» YOUR ASSIGNMENT:
What is needed is the exact text of each line in the listing below from the one with "photo of Sushi" up to and including the one with "2019 Infiniti QX50 Essential", and no pictures.

» DATA LISTING:
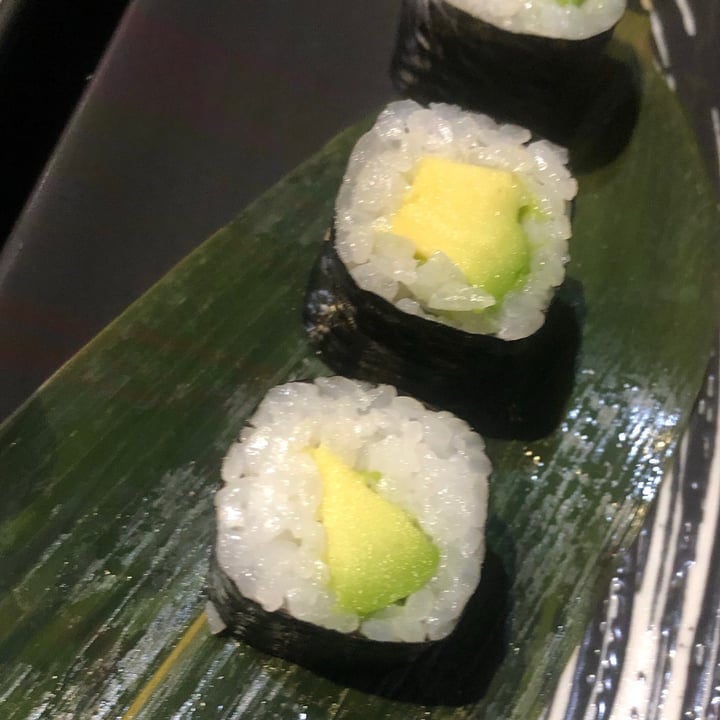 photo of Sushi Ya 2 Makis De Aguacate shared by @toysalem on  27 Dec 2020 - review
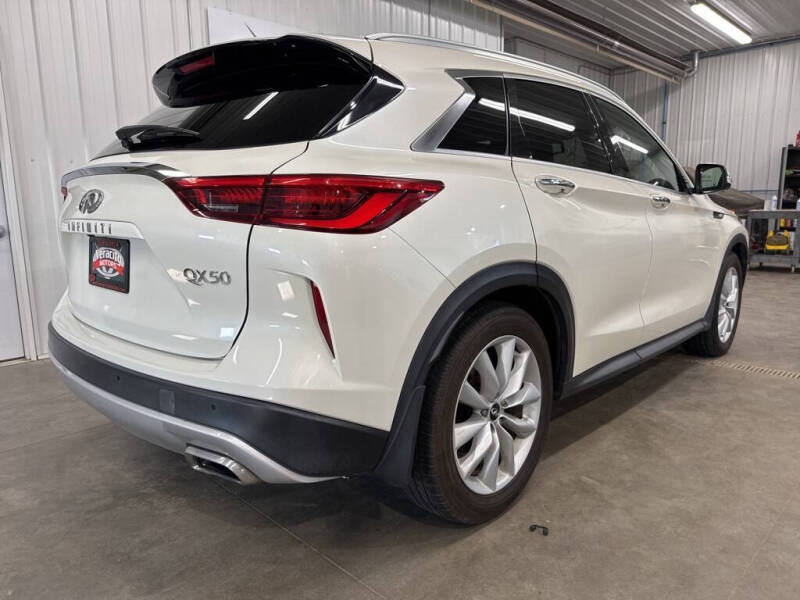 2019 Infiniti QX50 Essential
---
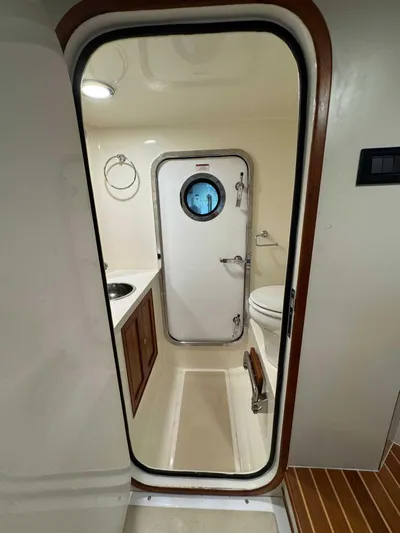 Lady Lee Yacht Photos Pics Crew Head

» SOLUTION TO THIS EXERCISE:
 photo of Sushi Ya 2 Makis De Aguacate shared by @toysalem on  27 Dec 2020 - review
 2019 Infiniti QX50 Essential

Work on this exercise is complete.